Congressional Budget Resolution for Fiscal Year 2010
The very first step in the Congressional reauthorization process is the budget resolution for the next fiscal year, 2010. This must be passed before the Appropriations Committees can do their work on the federal budget for next year. Also, the authorizing committees have to adhere to these overall ceilings on federal spending. The House-passed resolution allows for transportation spending at current authorized levels and for increased spending as long as a financing mechanism is in place to keep the Highway Trust Fund solvent. The Senate-passed resolution would reduce spending from the current levels and severely limit any increase in spending authorized in a new Transportation bill. The attached letter reflects CVSA’s support of the House position to the Conferees now writing the House-Senate Conference Report.
Safety Technology Bill Re-introduced
The Commercial Motor Vehicle Advanced Safety Technology Tax Act of 2009 (H.R. 2024) has been re-introduced in the House by Reps. Mike Thompson (D-CA) and Geoff Davis (R-KY). It provides tax credits to help facilitate the accelerated adoption of advanced safety systems for commercial vehicles. Those systems included in the bill are: electronic brake stroke monitoring systems; vehicle stability systems; lane departure warning systems; and, collision warning systems.
It is expected that Sens. Stabenow (D-MI) and Voinovich (R-OH) will soon re-introduce the legislation in the Senate.

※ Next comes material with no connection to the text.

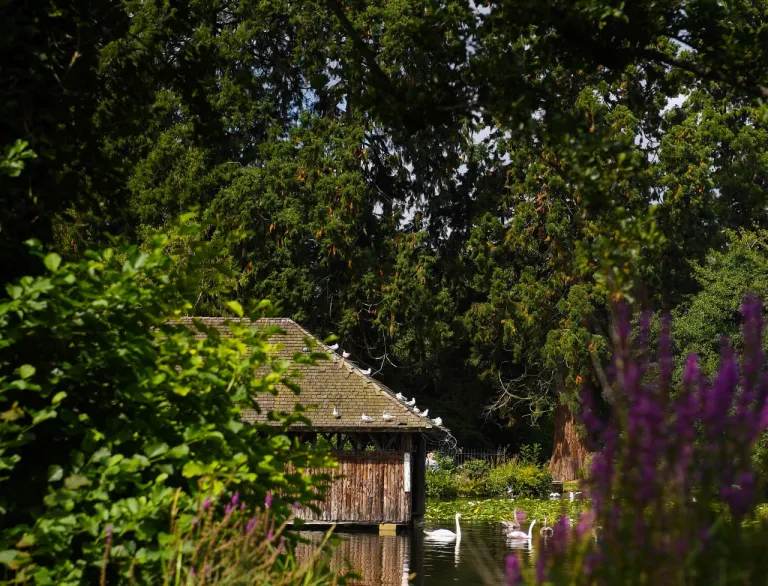 The lake and lake house surrounded by shrubs at Tredegar House.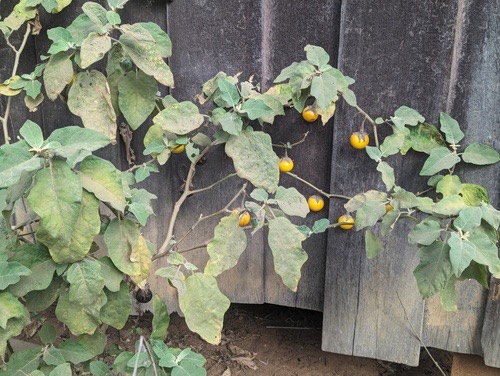 มะเขือยาว มะเขือม่วง · eggplant · Solanum melongena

An economic and market analysis of the legislation has been completed and will soon be available. The information in this analysis covers issues that are generally considered by the Joint Committee on Taxation when it is requested to “score” the bill to determine the revenue impact on the federal budget, in this case, the Highway Trust Fund.
Truck Parking Legislation
Rep. Paul Tonko, (D-NY) is planning to introduce a bill known as “Jason’s Law” to implement a pilot program to address the shortage of long-term parking for commercial motor vehicles on the National Highway System. The bill is named after truck driver Jason Ribenburg who was fatally shot at an abandoned gas station in St. Matthews, SC, for the approximately $7 he had on him at the time. A copy of the bill is attached.

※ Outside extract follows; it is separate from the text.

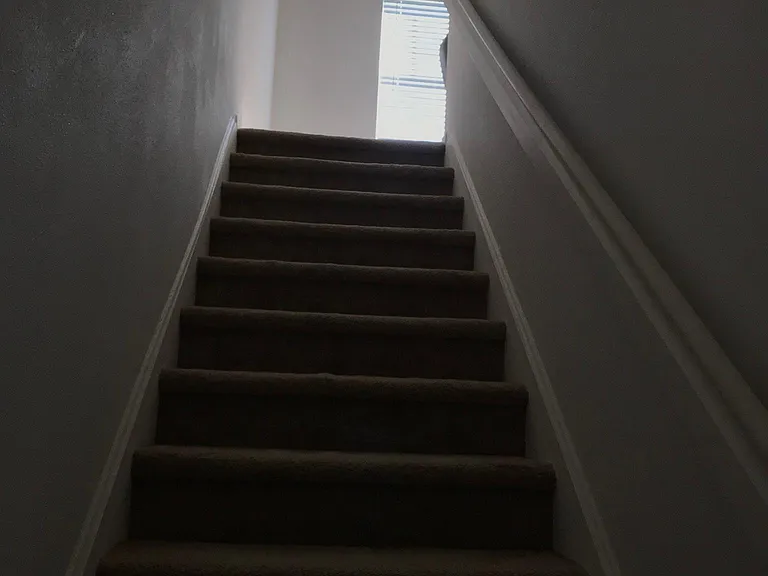 8518 Broken Willow Ct — Photo 17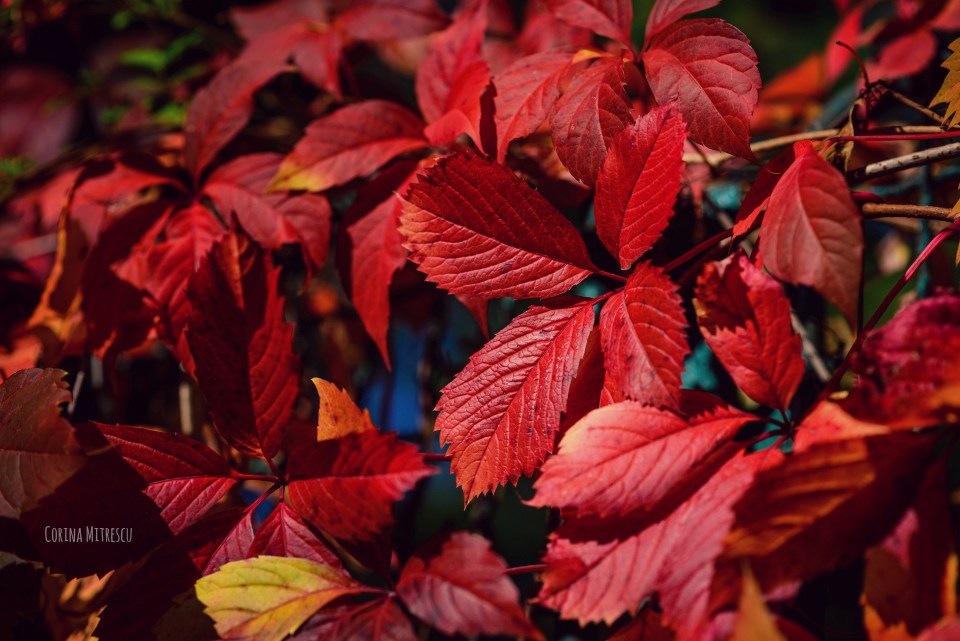 red leaves in autumn, frunze rosii toamna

You will note that it is very similar to the truck parking provisions in SAFETEA-LU but would be funded at $20,000,000 annually for the life of the bill instead of $5,000,000 in SAFETEA-LU. CVSA will be working with the American Trucking Associations (ATA) and other industry groups to make sure this increased funding level is included the Reauthorization bill.
Safe Teen Driver Act
CVSA is joining forces with the Advocates for Auto and Highway Safety in support of H.R. 1895, the “The Safe Teen and Novice Driver Uniform Protection Act of 2009”, also known as the STANDUP Act. The purpose of the bill is to accelerate adoption of model Graduated Driver Licensing (GDL) laws for novice teen drivers in every state. Key elements of the model legislation are: a three-stage licensing process; prohibition on nighttime driving during the learners permit and intermediate states; passenger restriction (no more than one non-familial passenger); prohibition on non-emergency use of cell phones; and age limits of 16 for a learner’s permit and 18 for an unrestricted license. A one-page summary of the bill’s provisions is attached.

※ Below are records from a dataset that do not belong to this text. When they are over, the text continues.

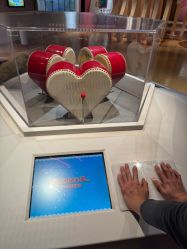 -北京科学中心儿童乐园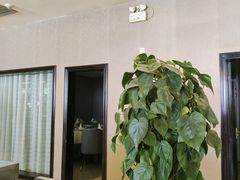 -南方酒店·淮扬菜(回民街店)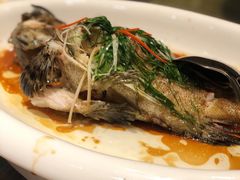-东方棕泉·洗浴·按摩·美食国际水疗会所(福田店)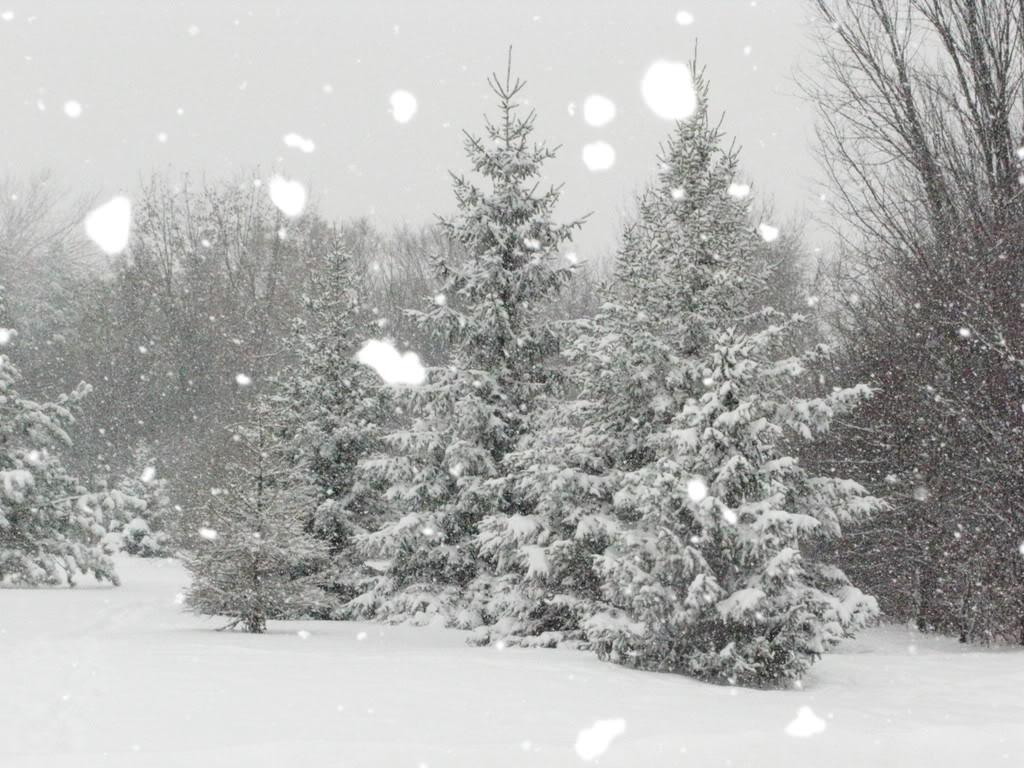 Wisconsin Winter Scenery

CVSA Sends Comments to FMCSA on Safety Grant Proposals and Solicitation for Applications
CVSA has filed comments with the FMCSA on its proposal to revise and streamline the process for the application and awarding of grants. Some of these issues were raised in CVSA’s reauthorization policy and it is encouraging to note that FMCSA is proposing to implement changes in this regard to the extent they can do so administratively.